Star Trek mit Spocki

Filmspecial: Von Geheimdienst-, Haustier- und Weltraumabenteuern

Published On Januar 1, 2017 | By redaktion | Filme, Tipps

John Le Carré hat einige Bücher geschrieben. Bei Amazon ist derzeit eine Serien-Adaption seines Romans „The Night Manager“ von 1993 zu sehen. Fürs Heimkino gibt es jetzt den Film „Verräter Wie Wir“ (Arthaus/Studiocanal), der auf dem 2010er Roman „Our Kind Of Traitor“ basiert. Darin wird der Literaturdozent Perry Makepiece, gespielt von Ewan McGregor, von dem russischen Geldwäscher Dima (Stellan Skarsgård) gebeten, bei seiner Heimreise vom Urlaub interne Daten über die Mafia an den MI6 zu übergeben. Der alternde Kriminelle möchte sich und seine Familie auf diesem Wege freikaufen. Leichter gesagt als getan, denn seine Auftraggeber sind skeptisch und rigoros.
Die Geschichte ist gut und wird von Regisseurin Susanna White, die bis dato fast ausschließlich bei britischen Fernsehserien mitwirkte (u.a. „Bleak House“ und „Jan Eyre“), in Ruhe und ohne das heutzutage übliche Action-Tamtam erzählt, bleibt aber letztlich vorhersehbar. Dafür entschädigen einen die beiden Hauptdarsteller McGregor und Skarsgård.
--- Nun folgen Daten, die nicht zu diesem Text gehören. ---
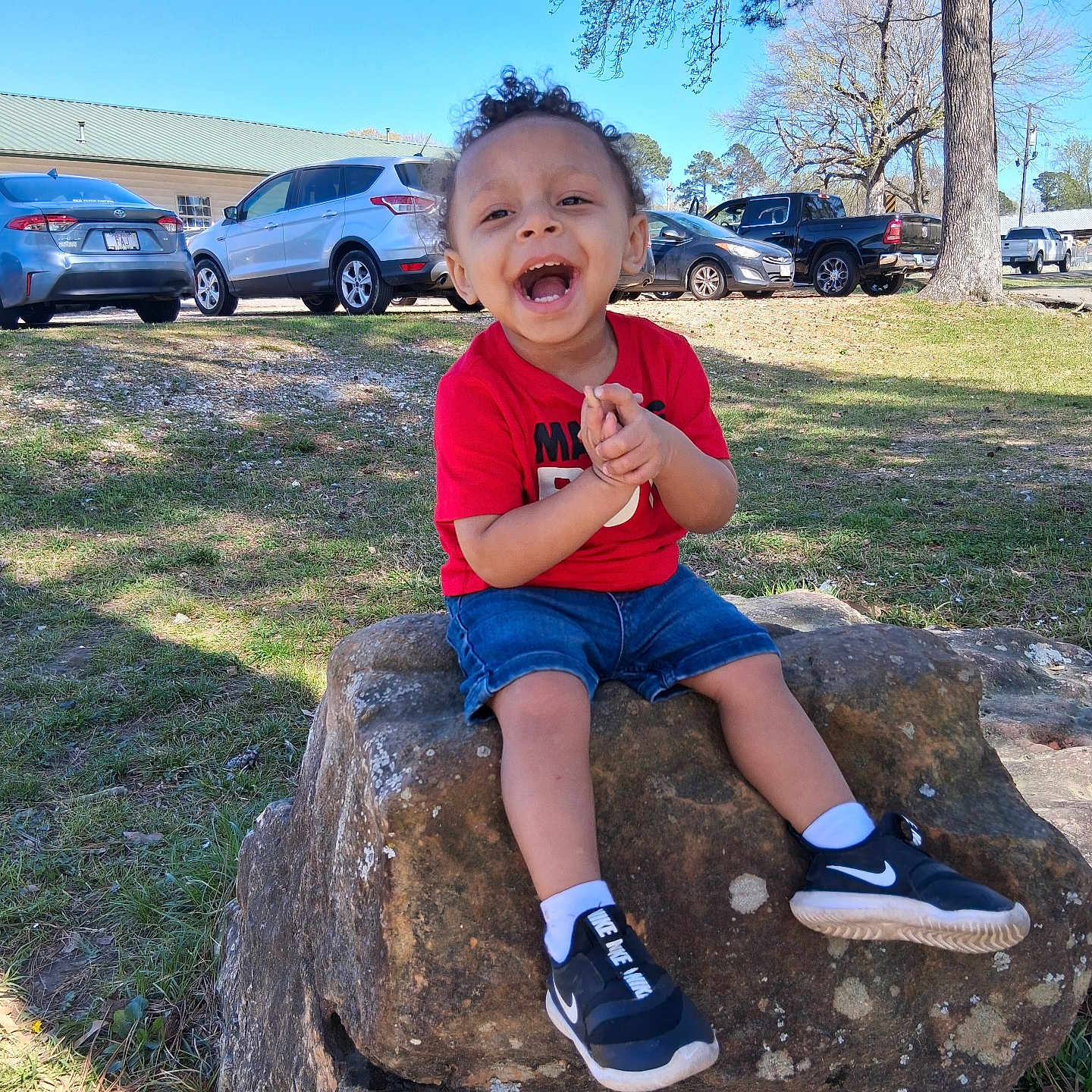 Xavier is registered to the contest to win money with this photo: toddler, child, rock, grass, tree, outdoor, blue_sky, car, laughing, clapping, curly_hair, red_shirt, blue_shorts, nike_shoes, white_socks, happy, sunny, parked_cars, nature, daylight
Vorhersehbar ist „Pets“ (Universal Pictures) nicht. Der Animationsfilm der Macher von „Ich – Einfach unverbesserlich“ ist rasant und hoch amüsant. Hier wird endlich der Frage nachgegangen, was die Haustiere machen, wenn Frauchen oder Herrchen außer Haus sind. Daher heißt der Film im Original auch „The Secret Life Of Pets“. Was der kleine Terrier Max, sein neuer Mitbewohner Duke und die Nachbarstiere in den knapp 90 Minuten erleben, ist abenteuerlich und steht den „Ich – Einfach Unverbesserlich“-Filmen und dem „Minions“-Ableger in nichts nach.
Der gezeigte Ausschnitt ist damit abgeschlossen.